Cuomo Announces Statewide Legionnaires’ Disease Regulations

The state has adopted the same regulations to combat legionella in cooling towers the City Council passed last week, Gov. Andrew Cuomo said.

Gov. Andrew Cuomo speaks at an event in July. (Photo by Spencer Platt/Getty Images)
Gov. Andrew Cuomo speaks at an event in July. (Photo by Spencer Platt/Getty Images) Photo : Spencer Platt for Getty Images

After the City Council last week passed legislation to require the inspection of city cooling towers for the legionella bacteria—which killed 12 people in a South Bronx outbreak of Legionnaires’ disease this summer—Gov.
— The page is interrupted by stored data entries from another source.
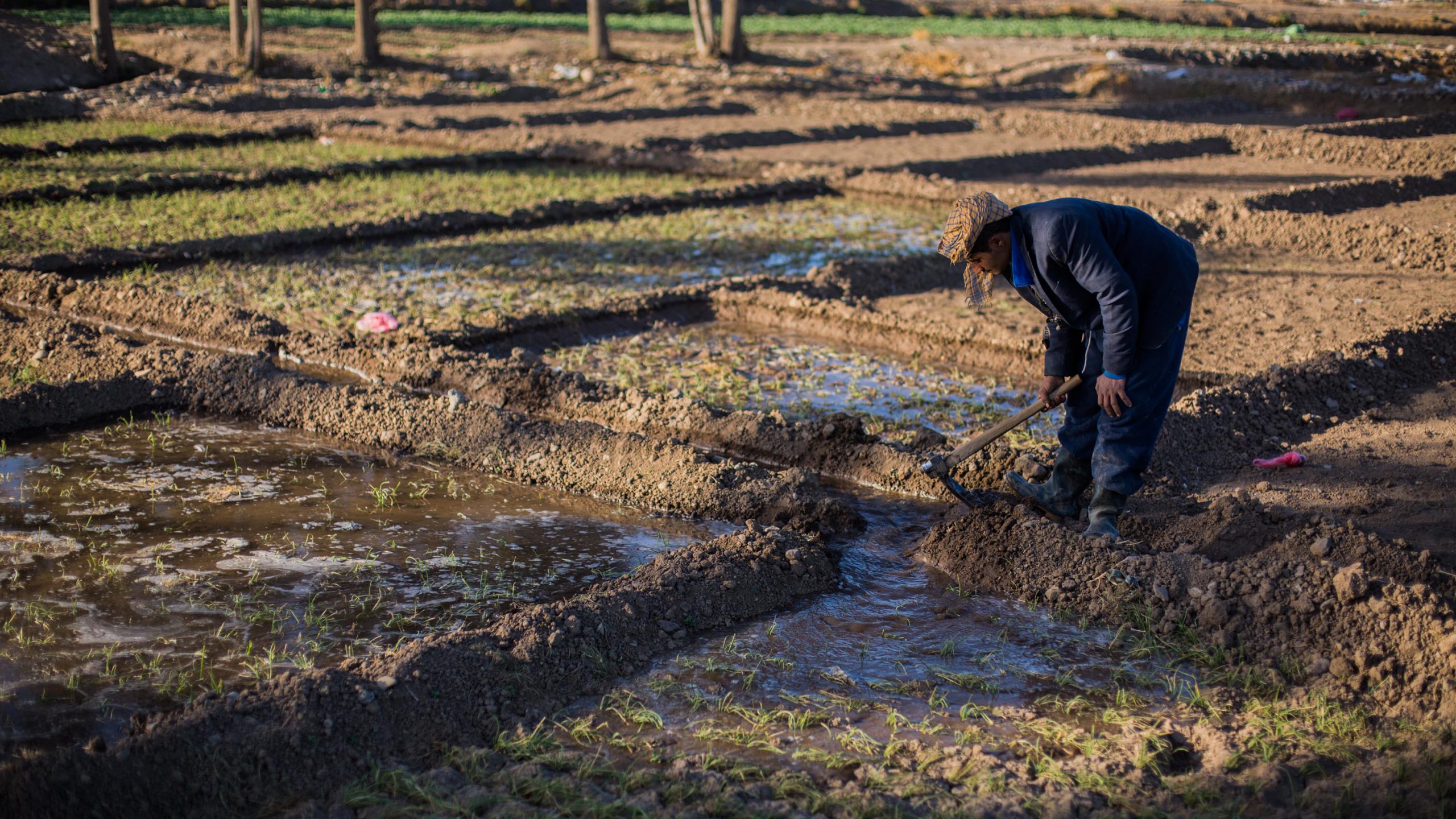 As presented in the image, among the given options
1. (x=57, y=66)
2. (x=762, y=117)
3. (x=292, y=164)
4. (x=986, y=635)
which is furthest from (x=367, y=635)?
(x=57, y=66)

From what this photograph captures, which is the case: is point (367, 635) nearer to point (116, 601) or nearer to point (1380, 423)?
point (116, 601)

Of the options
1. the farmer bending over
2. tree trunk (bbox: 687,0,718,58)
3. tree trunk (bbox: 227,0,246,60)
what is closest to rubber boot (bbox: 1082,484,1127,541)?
the farmer bending over

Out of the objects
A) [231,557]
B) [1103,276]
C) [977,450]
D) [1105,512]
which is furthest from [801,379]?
[231,557]

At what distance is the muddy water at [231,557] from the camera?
12.5 feet

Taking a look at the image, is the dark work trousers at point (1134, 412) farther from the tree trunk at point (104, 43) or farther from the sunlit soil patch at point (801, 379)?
the tree trunk at point (104, 43)

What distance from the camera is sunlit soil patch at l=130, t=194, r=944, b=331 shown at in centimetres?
848

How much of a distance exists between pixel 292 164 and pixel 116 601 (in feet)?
35.9

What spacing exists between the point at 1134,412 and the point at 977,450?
719 millimetres

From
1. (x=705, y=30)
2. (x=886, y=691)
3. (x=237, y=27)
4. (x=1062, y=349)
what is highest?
(x=705, y=30)

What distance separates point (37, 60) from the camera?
1958 cm

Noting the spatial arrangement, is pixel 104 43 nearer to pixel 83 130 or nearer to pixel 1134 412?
pixel 83 130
Andrew Cuomo adopted similar emergency regulations statewide.

“This summer’s outbreak of Legionnaires’ disease caused concern in communities across the state, and today we are moving forward to help prevent future outbreaks and keep our neighborhoods safe,” Mr. Cuomo said in a statement. “Our new emergency regulations will make sure that building owners live up to their responsibilities and provide health officials with critical information to counter the spread of Legionella bacteria. I want to reassure all New Yorkers: We are addressing the problem at its source and protecting the public health, statewide.”

Mr. Cuomo, Mayor Bill de Blasio and City Council Speaker Melissa Mark-Viverito announced early last week that they would collaborate on the response to Legionnaires’ disease, a reversal that came after the mayor and governor offered differing information at dueling press conferences and after they differed on just who—the state or the city—ought to regulate cooling towers that can spread the airborne flu-like illness.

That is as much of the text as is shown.